Auch wenn es viele Anbieter von Militärprodukten gibt, so bleibt der einzige Nachfrager immer das Militär. Die Tatsache, dass es weltweit Militär gibt und sich somit die Anzahl der Nachfrager vermehrt, ist nicht relevant. Denn jedes Militär braucht unterschiedliche Ausrüstungsgegenstände und Spezifizierungen von Produkten, um den Anforderungen in ihrem Land gerecht zu werden.

Das beschränkte Nachfragemonopol

Eine etwas andere Art des Nachfragemonopols ist das beschränkte Nachfragemonopol.
Hierbei gibt es auch nur einen Nachfrager, jedoch ist auch die Anzahl der Anbieter überschaubarer.
Auch in dieser Form des Nachfragemonopols ist in der Regel wieder der Staat der einzige Nachfrager.
Beispiele für Güter in einer solchen Form des Monopols können beispielsweise Straßen sein. Nur der Staat benötigt Straßen, beispielsweise in Form von Autobahnen.
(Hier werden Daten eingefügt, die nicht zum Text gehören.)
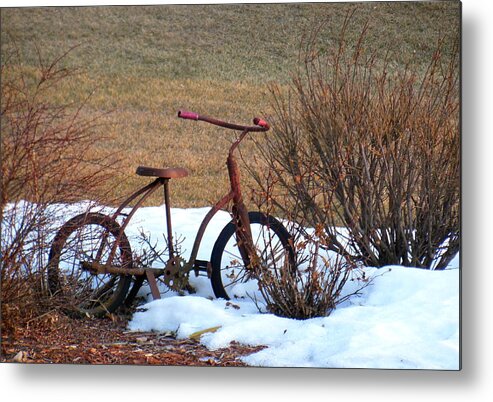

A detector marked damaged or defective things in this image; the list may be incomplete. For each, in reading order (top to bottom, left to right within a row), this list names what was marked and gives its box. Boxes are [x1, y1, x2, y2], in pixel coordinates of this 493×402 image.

rusted metal frame [184, 191, 234, 274]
Beispiel für ein Nachfragemonopol

Wie bereits zuvor beschrieben findet man in der Realität sehr selten Nachfragemonopole und in der Konsumwelt von normalen Verbrauchern tritt diese Monopolform erst gar nicht auf. Daher ist das Beispiel nicht als real existierend anzusehen, soll jedoch eindrücklich aufzeigen, was ein Nachfragemonopol ist und wie es funktioniert.

Stellen Sie sich vor sie wohnen in einer kleinen Stadt. Das Symboltier der Stadt ist ein blaugrün gestreifter Hase aus Porzellan. Dieser steht an jedem öffentlichen Ort der kleinen Stadt, weil die Bewohner der Stadt ihn auch als Glücksbringer ansehen. Dementsprechend werden die Hasen täglich oft angefasst und die Farbe verblasst sehr schnell. Manchmal fallen die Hasen auch von ihren Podesten oder werden von Randalieren kaputtgemacht.
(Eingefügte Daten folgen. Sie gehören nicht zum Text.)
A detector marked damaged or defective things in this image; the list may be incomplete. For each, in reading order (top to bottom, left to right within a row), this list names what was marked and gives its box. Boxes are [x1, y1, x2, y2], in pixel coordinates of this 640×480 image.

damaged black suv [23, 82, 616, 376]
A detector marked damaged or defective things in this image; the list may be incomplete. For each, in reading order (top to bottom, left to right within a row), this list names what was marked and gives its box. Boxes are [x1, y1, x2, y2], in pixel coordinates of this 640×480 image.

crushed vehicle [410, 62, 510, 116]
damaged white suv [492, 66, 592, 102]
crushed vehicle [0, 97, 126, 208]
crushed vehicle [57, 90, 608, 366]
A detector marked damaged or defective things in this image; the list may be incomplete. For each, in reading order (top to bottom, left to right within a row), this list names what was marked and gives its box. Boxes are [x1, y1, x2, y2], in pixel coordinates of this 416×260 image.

Es besteht also eine regelmäßige Nachfrage der Stadt, damit immer genügend Hasen im Stadtbild vorhanden sind. Im Umkreis der kleinen Stadt befinden sich mehre Firmen die blaugrün gestreifte Hasen aus Porzellan anfertigen. Die Stadt fragt also in regelmäßigen Abständen die Firmen nach Angeboten für solche grünblau gestreiften Hasen und wählt anschließend das preisgünstigste aus.

Weil jedoch alle Firmen überleben wollen, werden sie bei der nächsten Angebotsanfrage versuchen das vorherige Angebot zu unterbieten, um selbst als Produzent gewählt zu werden. Das macht die Sache für die Stadt günstiger und sie hat die Preisgestaltung selbst in der Hand, indem sie das für sie beste Angebot wählt.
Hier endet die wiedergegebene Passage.